Because the predecessor institution was tiny and saddled with troubled loans, Bank of Indiana didn’t have a large pool of seasoned, performing loans to fall back on when newer loans soured.
Indiana has had three bank failures—Irwin Union in Columbus, Integra in Evansville, and SCB in Shelbyville—since the economic crisis hit in 2007. Bank of Indiana likely would have suffered the same fate if not for millions of dollars in reserves stashed in its holding company, Indiana Bank Corp. The bank tapped those reserves in 2011 to beef up its provision for loan losses, money set aside to weather possible future borrower defaults.
The bank for the year allocated nearly $5 million for its loan-loss provision, a huge sum for an institution with a mere $108 million in assets. The conservative move left Bank of Indiana with a provision totaling 8 percent of loans—four times the average for Indiana institutions.
The bank board decided to take the hit last year after appointing a new president and CEO, Indianapolis attorney Joseph Montel, who led an effort to closely scrutinize the entire loan portfolio. Montel also made the tough call to sell real estate the bank had seized as collateral rather than holding onto it in hopes of a market rebound.
“New management, new direction, new culture,” Montel said. “If you are going to correct the course, you have to turn the ship. That’s painful.”
Montel, 43, has been on the board of the bank and bank holding company since the 2006 buyout. A partner in the law firm Coleman Stevenson & Montel, Montel replaced veteran Hoosier banker Dan Fehrenbach as CEO in April 2011 and as president two months later. He’s been putting in seven-day work weeks for months in a quest to own up to problems, resolve a thicket of litigation, and simplify finances so that it’s easy to observe whether the bank is really making money.
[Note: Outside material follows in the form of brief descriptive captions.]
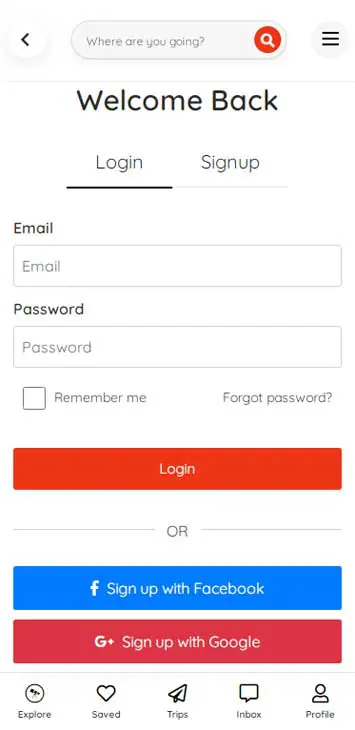 Login - Airbnb Clone Login - Airbnb Clone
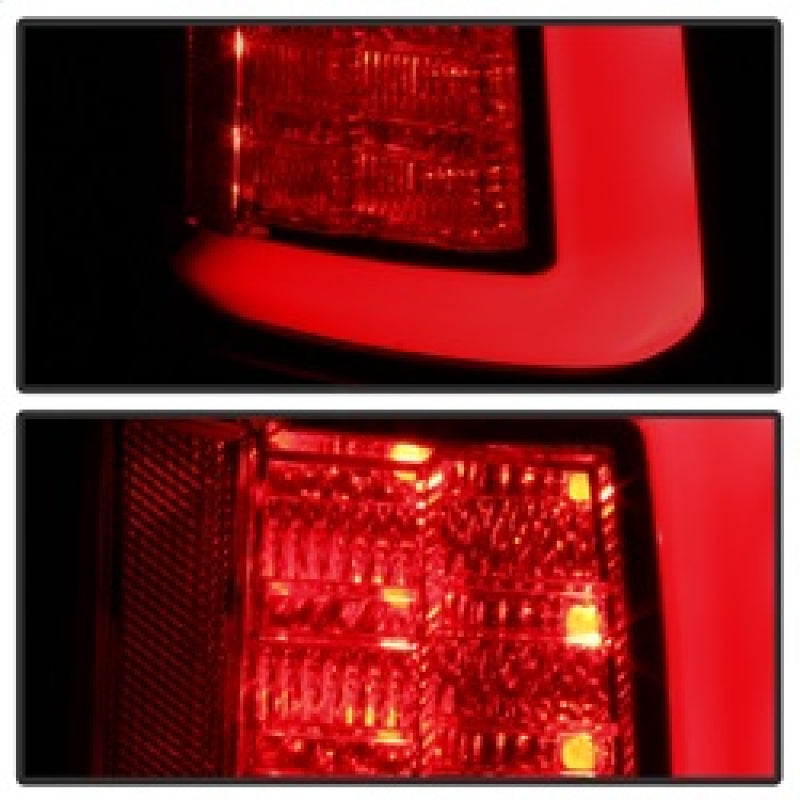 Spyder 13-14 Dodge Ram 1500 Light Bar LED Tail Lights - Black Smoke ALT-YD-DRAM13V2-LED-BSM 5084064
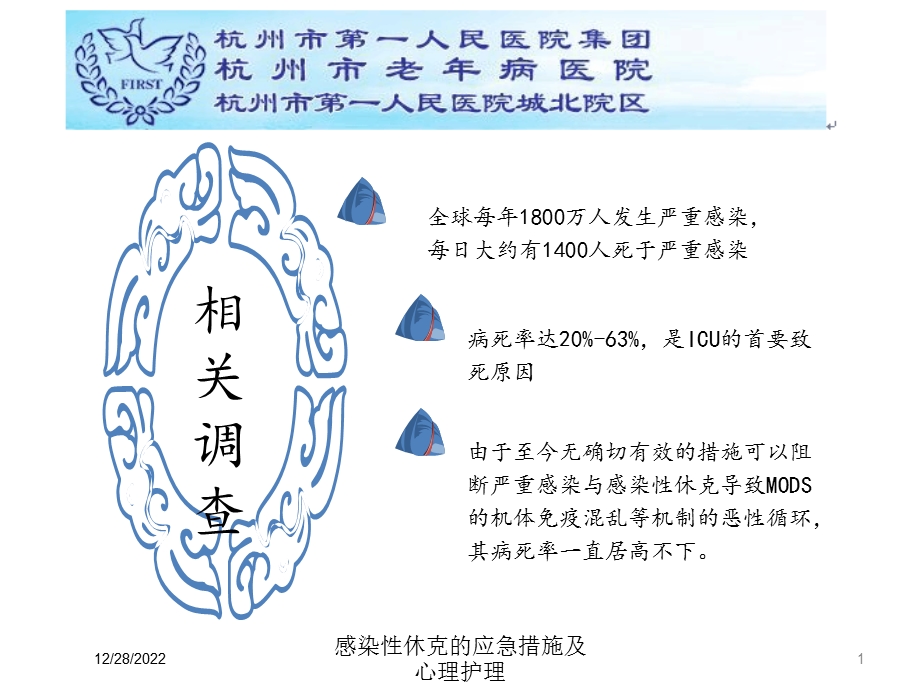 感染性休克的应急措施及心理护理培训课件.ppt_第1页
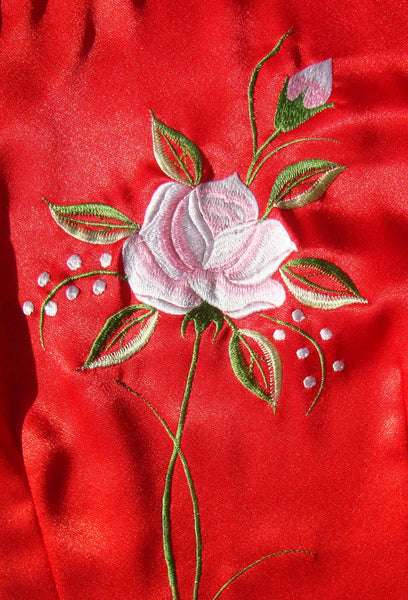 Embroidered Ao Dai Pink Dress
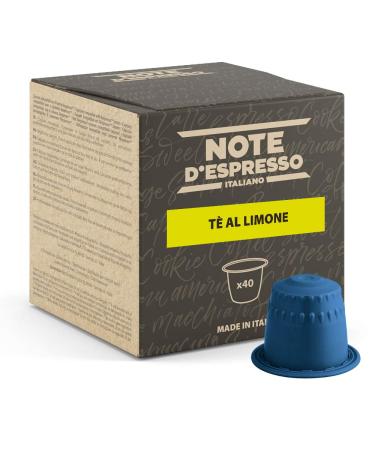 Neronobile Srl Note dEspresso Citroen Thee 40 Capsules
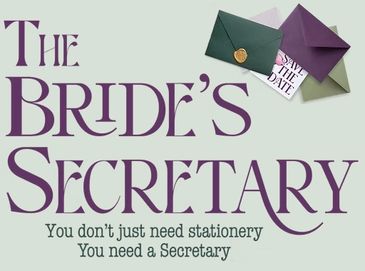 The Bride's Secretary stationery and invitation service.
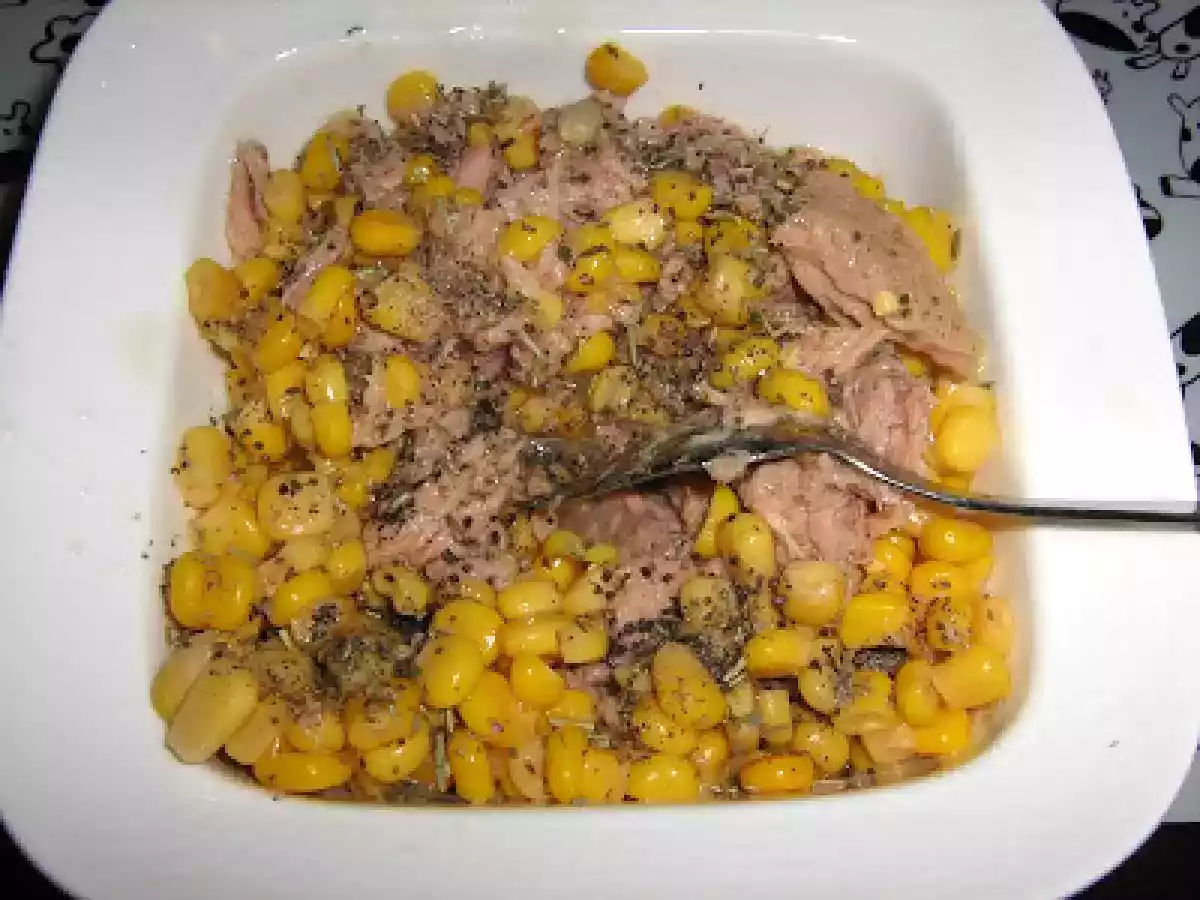Salata de TON cu PORUMB! - poza 3
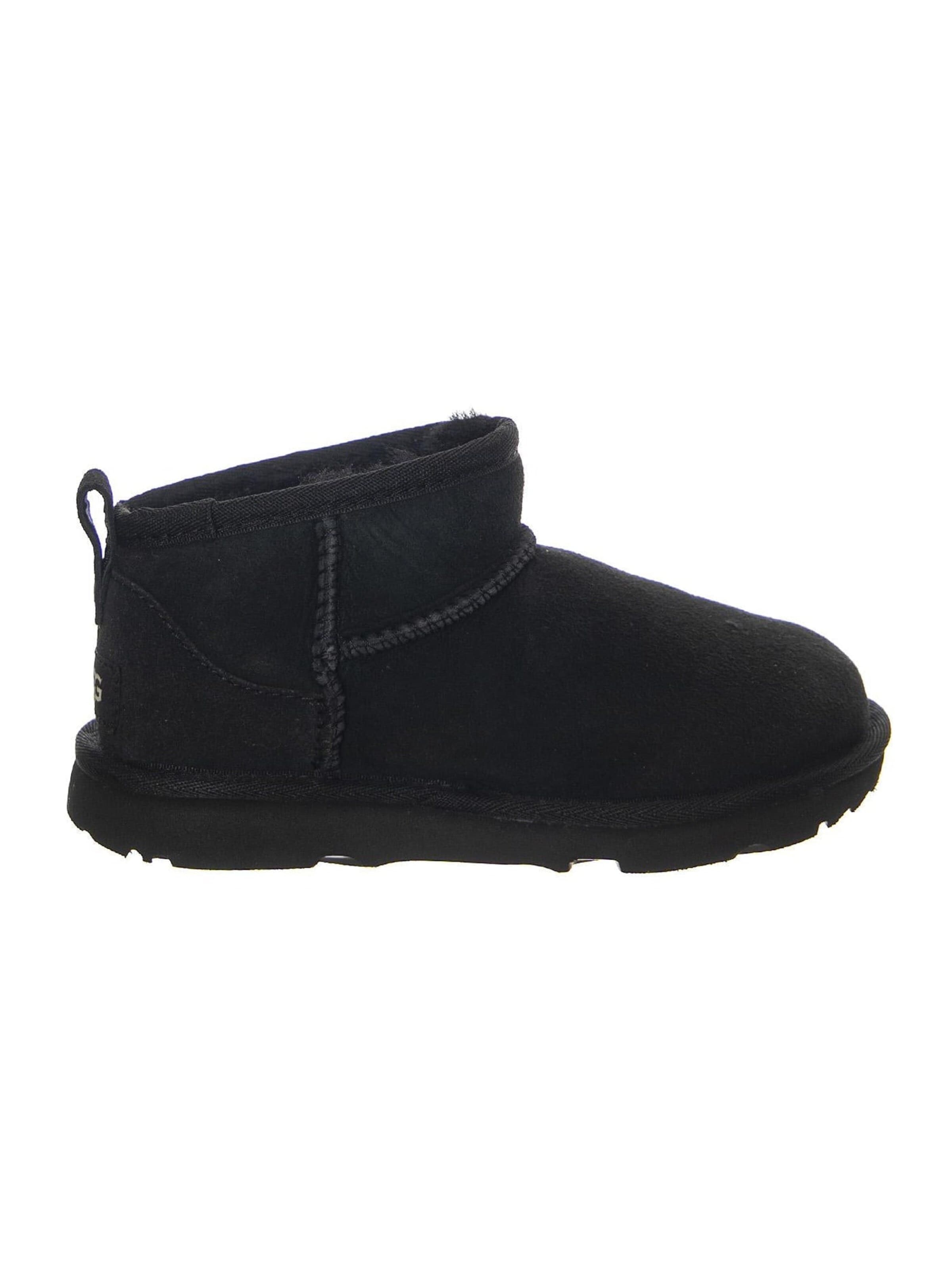 UGG Boot 'Kids' Classic Ultra Mini Black Boots' in Black
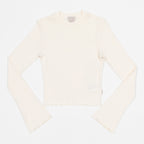 Womens BRIXTON Dolly Long Sleeve Knit T-Shirt in OFF WHITE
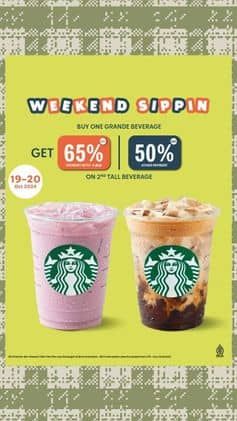 Promo Harga Weekend Sippin  - Starbucks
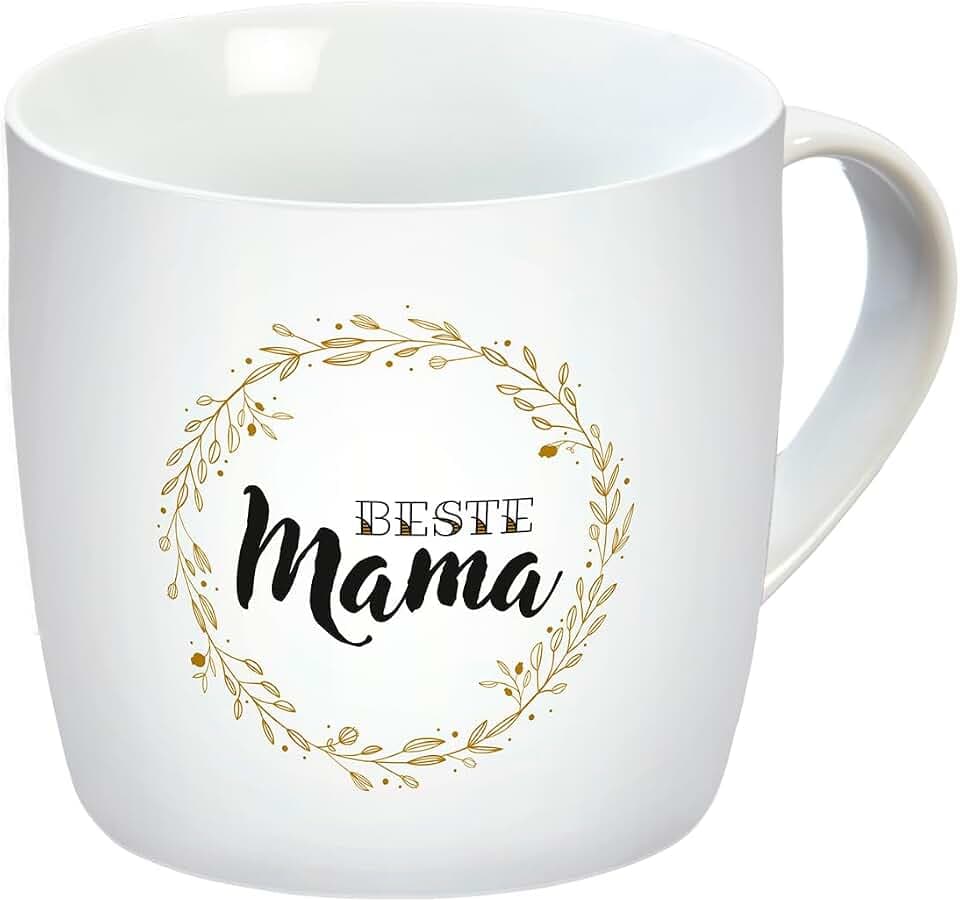 Tasse Mama Danke 300ml | Kaffee | Tee | Kakao| Geschenk | Geburtstag | Weihnachten | Muttertag | Mutter | Lieblingsmensch | Porzellan | Dankeschön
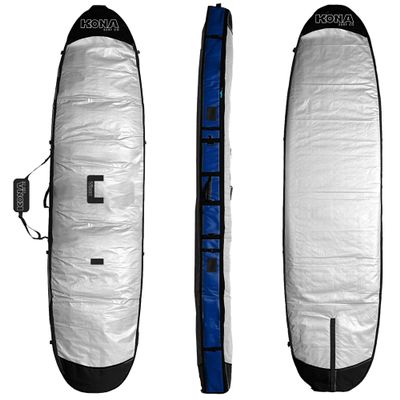 KONA SURF CO. SUP Insulated Travel SUP Insulated Travel Quality Foam Padded Stand-up Paddleboard Case Bag in Silver/Blue sz:10ft 8in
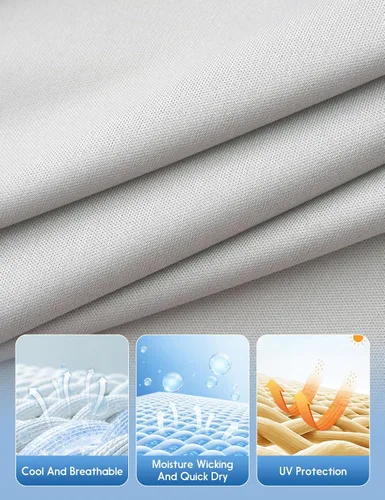 Vista 5 de Camisas atléticas de manga larga con absorción de humedad talles XS-4XL para mujer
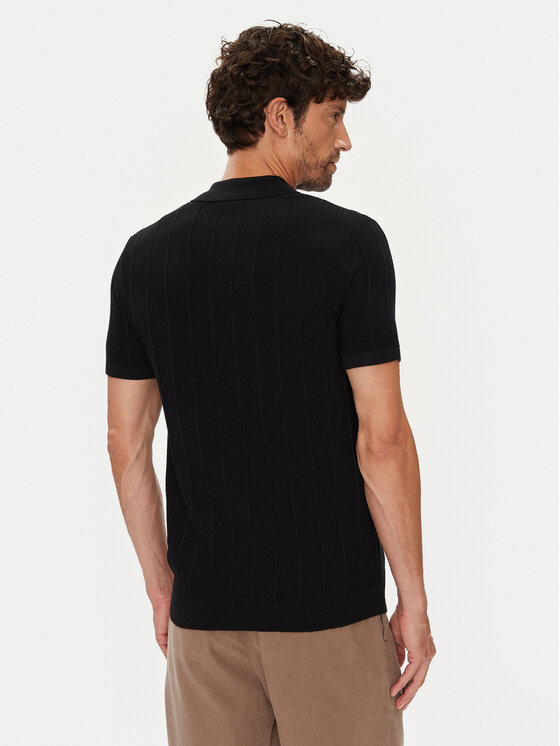 U.S. Polo Assn. U.S. Polo Assn. Polo marškinėliai MUP3369 Juoda Slim Fit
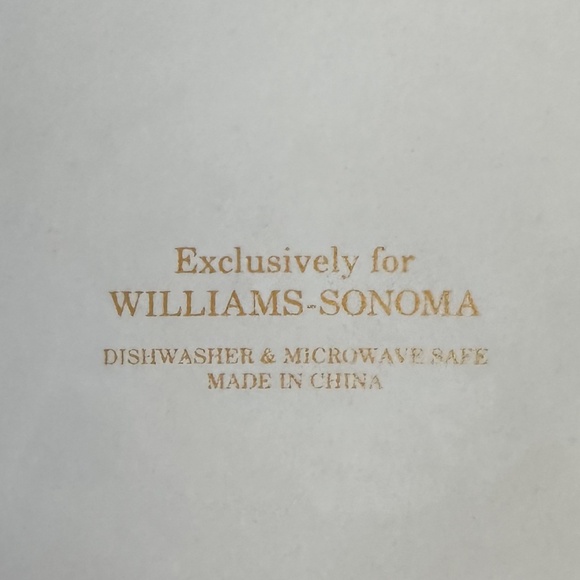 Set of 3 Williams-Sonoma Gold Christmas Tree 4 1/2" Mug White/Gold Holiday - Picture 10 of 10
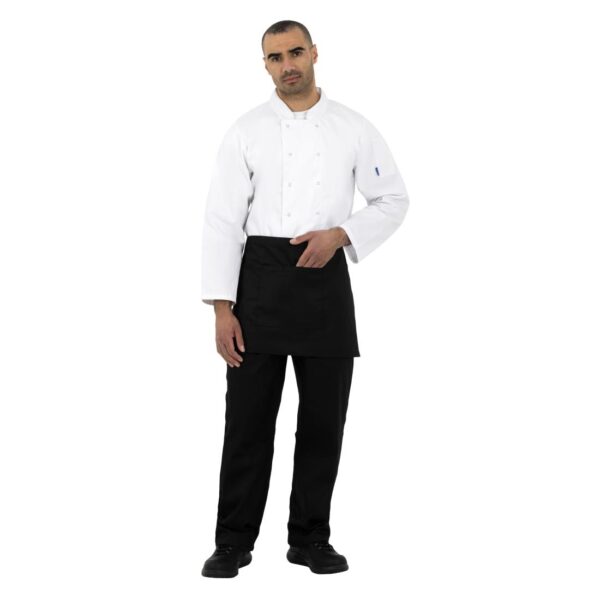 Whites Short Bistro Apron Black - 750x373mm 29.5x14.7" - Image 3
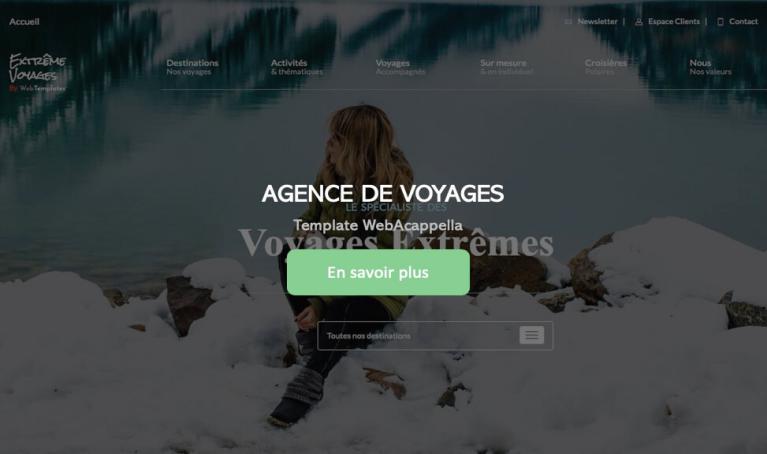Template WebAcappella AGENCE DE VOYAGES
Bank officials performed the work with a skeptical eye, ditching the mind-set that a rebounding economy would allow many struggling borrowers to regain their financial footing.
“We discontinued taking an optimistic viewpoint of the economic condition and really abandoned the naïveté that this is a short-term recession that will resolve itself within a five-year period,” he said.
Since late 2009, the bank has been operating under a formal agreement with its regulator, the Office of the Comptroller of the Currency, requiring that it maintain certain capital requirements, including keeping so-called Tier 1 capital above 8.5 percent.
The 16-page agreement says the comptroller stepped in after bank examiners “found unsafe or unsound practices … related to credit administration.”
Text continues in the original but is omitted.